# What am I doing wrong with my 1st edition transfers?



## aylajackson (Jun 19, 2014)

Hi, I am in the process of making t- shirts and I notice that there is some ink still in the transfer and addition to that it doesn't look all that great on the t-shirt either. I am using a hotronix clamshell, my temp is on 375, my time is 15 seconds and the pressure is on 8.


----------



## royster13 (Aug 14, 2007)

It is typical for there to be some ink residue on the transfer paper....I can not tell much from your photo, but looks okay as best I can tell....


----------



## vayto1999 (Apr 26, 2014)

ayla, sorry Im not here to help as I don't know nothing about printing, but I want to start in this thing, for weeks I been reading in this forum, but the more I read more confuse I am, I already have the heat press, and the mug press machine, but I confuse with the printer, as I read the for tshirts I can use pigments, and for the mugs sublimation ink , I don't know what to get, can you please tell me what printer and what type of ink are you using?? I'm asking you because it look nice your job in the picture, thank you! (sorry my English isn't good)


----------



## aylajackson (Jun 19, 2014)

Hey, thank you for the reply. I ended up changing the timer and they came great. I failed to take pictures of the finish shirts before I delivered them this morning but the customer was pleased.


----------



## aylajackson (Jun 19, 2014)

vayto1999 said:


> ayla, sorry Im not here to help as I don't know nothing about printing, but I want to start in this thing, for weeks I been reading in this forum, but the more I read more confuse I am, I already have the heat press, and the mug press machine, but I confuse with the printer, as I read the for tshirts I can use pigments, and for the mugs sublimation ink , I don't know what to get, can you please tell me what printer and what type of ink are you using?? I'm asking you because it look nice your job in the picture, thank you! (sorry my English isn't good)

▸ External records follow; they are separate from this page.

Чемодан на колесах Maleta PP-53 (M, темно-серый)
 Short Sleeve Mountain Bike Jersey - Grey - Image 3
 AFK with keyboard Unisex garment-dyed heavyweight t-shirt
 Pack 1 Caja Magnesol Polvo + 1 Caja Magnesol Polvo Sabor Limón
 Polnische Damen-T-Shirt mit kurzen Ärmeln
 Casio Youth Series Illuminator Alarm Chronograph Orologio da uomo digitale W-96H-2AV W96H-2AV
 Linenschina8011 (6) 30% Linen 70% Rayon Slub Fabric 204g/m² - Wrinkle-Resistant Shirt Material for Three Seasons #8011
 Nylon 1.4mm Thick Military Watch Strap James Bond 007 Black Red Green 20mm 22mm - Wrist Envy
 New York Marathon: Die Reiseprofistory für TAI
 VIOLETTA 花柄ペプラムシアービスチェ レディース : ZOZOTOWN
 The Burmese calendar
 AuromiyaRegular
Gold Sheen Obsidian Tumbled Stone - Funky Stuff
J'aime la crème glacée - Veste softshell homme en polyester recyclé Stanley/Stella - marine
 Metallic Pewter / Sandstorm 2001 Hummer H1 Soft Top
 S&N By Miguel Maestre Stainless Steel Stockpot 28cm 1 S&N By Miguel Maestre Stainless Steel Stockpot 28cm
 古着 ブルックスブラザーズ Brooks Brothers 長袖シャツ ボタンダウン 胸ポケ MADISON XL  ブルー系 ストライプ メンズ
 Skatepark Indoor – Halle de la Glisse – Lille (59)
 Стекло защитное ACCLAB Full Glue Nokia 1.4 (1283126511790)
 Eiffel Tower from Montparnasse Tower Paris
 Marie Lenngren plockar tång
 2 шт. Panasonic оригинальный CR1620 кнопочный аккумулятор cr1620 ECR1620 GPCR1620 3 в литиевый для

Hi, the shirts were made using plastisol heat transfers. I did not print the shirts myself. Plastisol heat transfers are screen printed transfer that's printed with plastisol inks. As far what type of printer to get for shirts I would suggest you to get a wide format printer that is compatible with a cobra ink system and make sure you get a pigment ink kit. I don't know anything about sublimation at all. I hope this help.


----------



## vayto1999 (Apr 26, 2014)

thank you for your help


----------



## Stefano (Aug 5, 2013)

aylajackson said:


> Hi, I am in the process of making t- shirts and I notice that there is some ink still in the transfer and addition to that it doesn't look all that great on the t-shirt either. I am using a hotronix clamshell, my temp is on 375, my time is 15 seconds and the pressure is on 8.


There are two kinds of First Edition transfers that I have used: hot peel and cold peel. With the hot peels, I pulled the paper after a few seconds and there was ink left on it. Then I waited 6 seconds before peeling and they came out great with no ink remaining on the paper. I think you need to experiment a bit. These transfers have been about the best I have used.


----------



## wormil (Jan 7, 2008)

Ribbed shirts are more difficult than normal cotton tees. First Edition says 15 seconds @ 375f but that is a long time for plastisol; though they should know their product better than anyone. Glad it worked out.


----------